In early March, one of my bosses retired. The emotions were swift and heavy. Sad he was stepping back, excited that I may be given more responsibility. Morgan and I talked about the possibilities of staying in Black Mountain long-term, and what that would look like for us.
Two weeks later, I was told my contract would not be renewed after this summer. It was time to move on.
Wow. Didn’t see that coming.
Steven Pressfield alludes to this in The War of Art. The Resistance was growing stronger, and my practice was weakening. Turns out my muse had different plans.
Have you ever had a job change happen out of the blue? It’s tough. But there’s opportunity.
Morgan, my wife, had been applying to nursing programs around the South. So far, she hadn’t been accepted to any, and wait-listed at one; Belmont University in Nashville.
For two weeks after my news, we were in a tailspin. Where’s next? What’s next? There was excitement, we could go anywhere and do anything. But vast opportunity brings anxiety along with it. When you can go anywhere, where do you go?
Have you ever thought about choosing a city because you love it, or think you will? Or do you go to where the best work opportunity lies? These are all questions we asked over and over again.
Mostly, we talked about work. It was time for me to ship and be a writer. No more excuses, no safety net.
One year ago, I took a big step. I declared to the world that I wanted to write and make an impact. Now it was time to actually make the jump.
A traditional job, the kind with two weeks vacation, a desk, 50+ hours a week, and health insurance?
Or the work and time that I have chosen, love, and care about?
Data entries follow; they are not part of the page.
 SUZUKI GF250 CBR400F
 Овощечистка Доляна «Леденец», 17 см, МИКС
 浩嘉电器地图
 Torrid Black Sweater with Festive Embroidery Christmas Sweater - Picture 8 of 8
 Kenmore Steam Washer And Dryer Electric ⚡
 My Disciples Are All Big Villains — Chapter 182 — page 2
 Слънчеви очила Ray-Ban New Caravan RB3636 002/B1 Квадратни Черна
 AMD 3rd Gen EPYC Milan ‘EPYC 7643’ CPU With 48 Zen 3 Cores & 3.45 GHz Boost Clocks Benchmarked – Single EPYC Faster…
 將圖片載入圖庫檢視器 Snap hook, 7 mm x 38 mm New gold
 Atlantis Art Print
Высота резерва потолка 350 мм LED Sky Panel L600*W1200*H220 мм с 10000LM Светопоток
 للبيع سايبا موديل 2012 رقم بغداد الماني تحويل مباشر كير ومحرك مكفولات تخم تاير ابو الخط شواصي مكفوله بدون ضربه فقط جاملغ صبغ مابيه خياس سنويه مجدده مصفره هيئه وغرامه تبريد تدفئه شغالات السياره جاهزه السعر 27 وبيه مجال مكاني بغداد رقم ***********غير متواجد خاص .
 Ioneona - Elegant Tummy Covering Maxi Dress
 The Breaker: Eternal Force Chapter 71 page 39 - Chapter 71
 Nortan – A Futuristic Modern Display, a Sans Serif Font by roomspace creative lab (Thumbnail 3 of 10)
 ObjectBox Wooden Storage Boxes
Two weeks later, Morgan was accepted in to Belmont’s Nursing program, and the decision was made.
We are moving to Nashville, the Music City.
New places and people are always exciting. I’m very happy that Morgan can follow her dream of becoming a nurse. Do I have the courage to follow mine?
I have the opportunity to give writing and online business a real shot. We have some money saved up, I would work part-time to pay bills, and our living arrangements are affordable. Doing all of this meant cutting back even more than we had, and going on a strict budget.
Am I willing to do this for a season, to create my own future?
Could I let go of the expectations of income, status, and possessions?
For all my writing, I didn’t know. And I was pissed at myself.
I would love to hear about what kind of situations you have been in regarding work and big life changes.
If you’re in this situation, it’s always helpful to speak with people who have gone before you. I spoke with a few people who wed incredibly helpful to me. Matt Frazier (NoMeatAthlete.com) gave some very helpful advice on building a tribe and being patient with your growth.
I didn’t speak with Pat Flynn (SmartPassiveIncome.com) directly, but his story of being let go was very powerful and resonated with me. I also felt I was doing everything society told me was right, and it still didn’t work out as I hoped. I’m not upset about it, but I am breaking away from following the road map we’ve been given by default.
John Saddington (Tentblogger.com) was very patient with me through many emails, encouraged me (demanded is a good word as well) to follow the path of growth, and not be afraid to let a project die.
“You follow the momentum… always.” – John Saddington
I still don’t know exactly what everything is going to look like. What I do know is I won’t be looking to jump in the next desk job right away, trading hours for pay. But this type of writing and digital life, reaching people and helping you choose what matters, what we all do to prioritize our lives, I’m giving it a real shot.